The testing was repeated after seven days, from July 15 to 17, with not one person testing positive for Covid-19.

Organisers said the study indicated the effectiveness of the ‘Safe Events Serbia’ security protocol deployed at the festival. They also pointed to no rise in case numbers in the local Novi Sad region despite tens of thousands of visitors, while just one positive PCR test has been returned from the more than 20,000 foreign visitors who attended.

“With rigorous entry control, such research results were expected. It will take some time to get the final analysis results, but it can already be said, both based on research and the daily number of newly infected people in Novi Sad, that the EXIT Festival was not a place of mass infection with the virus,” said Veselin Bojat, the director of the Novi Sad Health Centre.

Access restriction measures at EXIT Festival included more than 16,000 checks of visitors with a Digital Green Certificate, of which as many as 95% were immunised by vaccination. For all those who did not have a valid Digital Green Certificate, free testing was organised.

In five days, 18,336 people were tested, and only 10 or 0.05 percent of those tested were positive and not allowed to enter the festival.

Visitors from abroad were checked in accordance with the documentation with which they entered the country, which in most cases was a PCR test.

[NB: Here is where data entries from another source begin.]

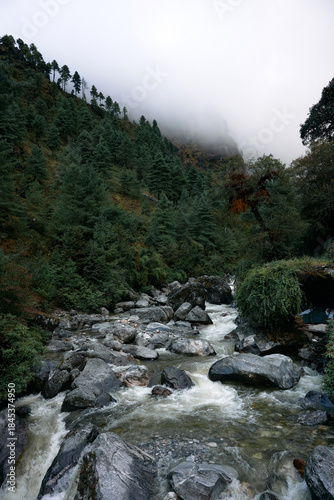 Water runs over stones in a river located in a mountain region. Trees line the riverbank while fog covers the higher areas. This scene shows nature's beauty during cloudy weather
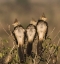 Picture of BRAZIL THREE GUIRA CUCKOOS ON A LIMB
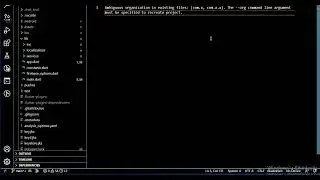 The --org command line argument must be specified to recreate project.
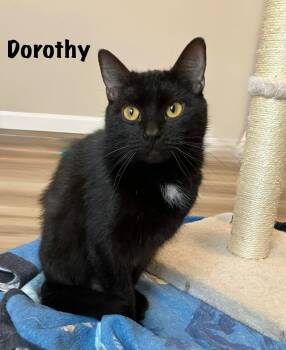 Domestic Short Hair Cats Available for Adoption - Dorothy | PetCurious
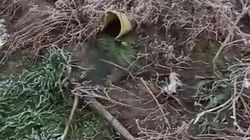 В селе Кожомкул во дворе дома три года назад прорвало трубу — вода до сих пор течет. Видео жителя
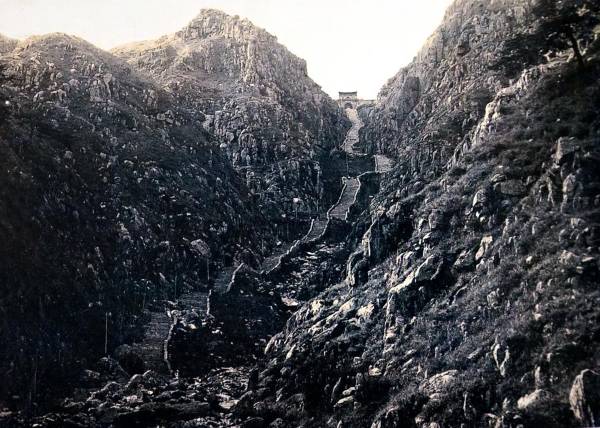 1763607564532727.jpg 1 (1).jpg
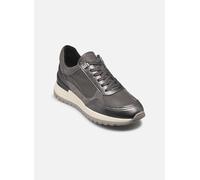 Geox Sneaker D DESYA A Damen Grau Größe 38
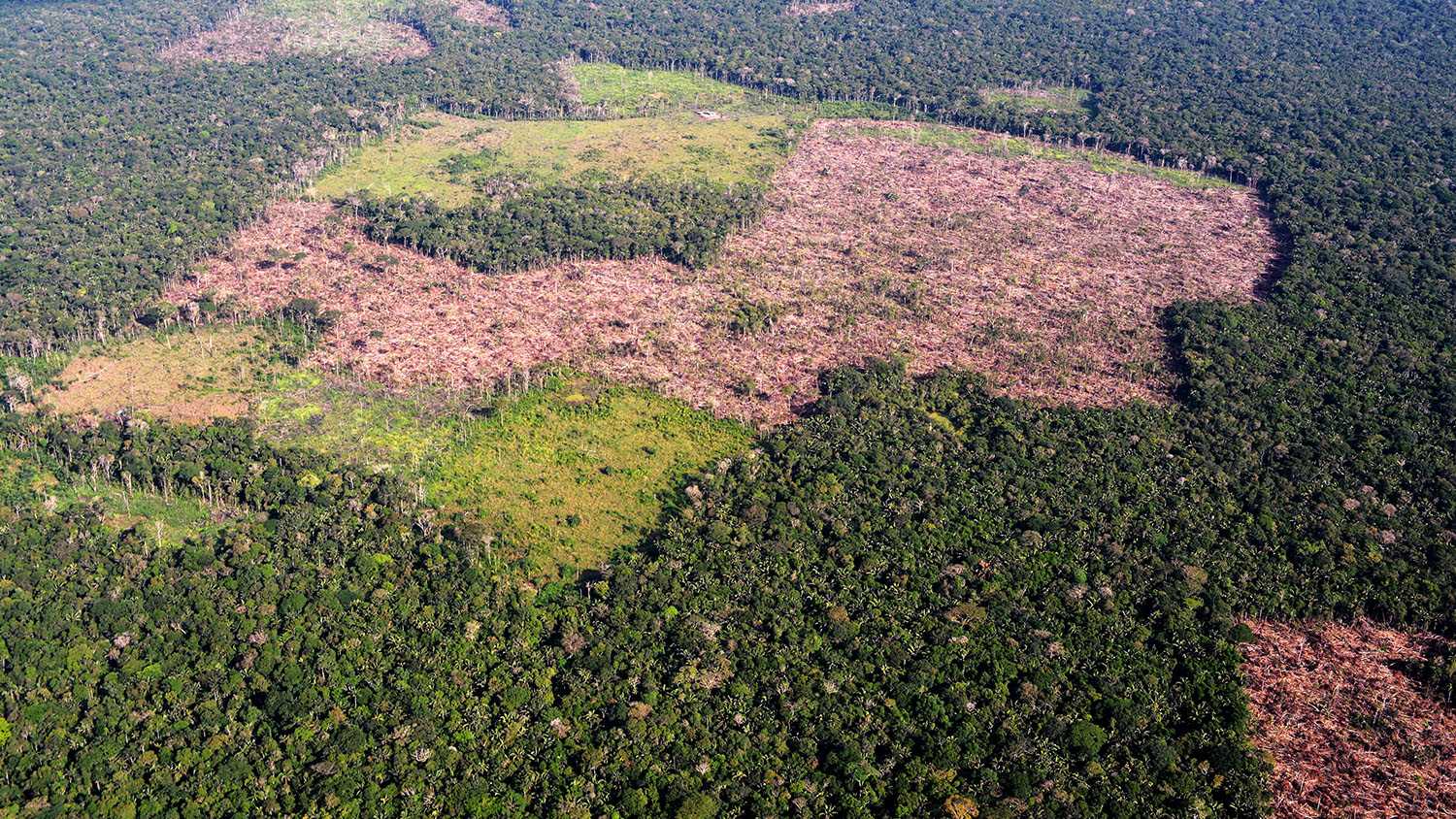 Observatorio Amazonia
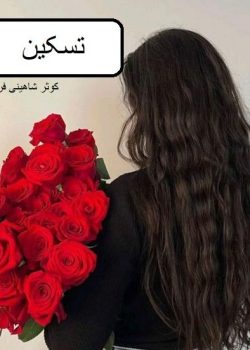 دانلود رمان تسکین pdf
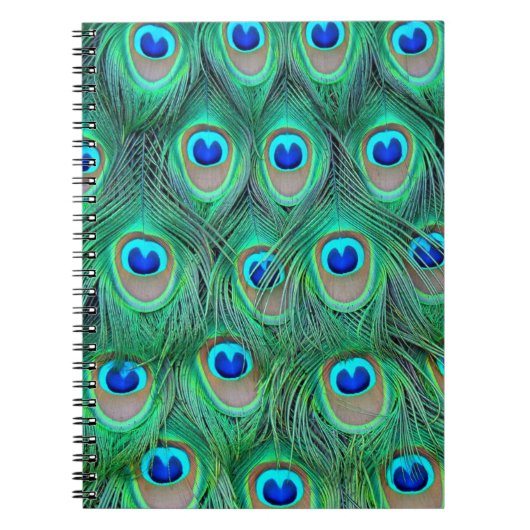 Lebhafte Peacock Feathers Notizblock (Vorderseite)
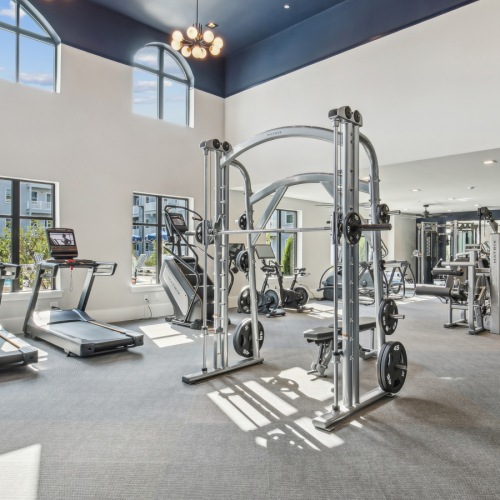 Fitness center with cardio equipment and natural light Fitness center with cardio equipment and natural light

Organisers expected music fans from more than 70 countries to attend.

“Research from EXIT proves that even during a pandemic, a means and a model can be found according to which even the largest events can take place completely safely,” said Dušan Kovačević, the founder and director of EXIT.

“This research is our contribution to the struggle of the entire music industry for far better treatment in Europe and other countries than has been the case so far.

“We have proven that we have been treated unfairly in the past, and that there are no longer any arguments and justifications that can allow gatherings at sporting events, in cafes or shopping malls, and not at concerts and festivals. I call on our entire industry to, just like we have fought and won in Serbia, join forces and fight for the fair treatment of our industry on the international level.”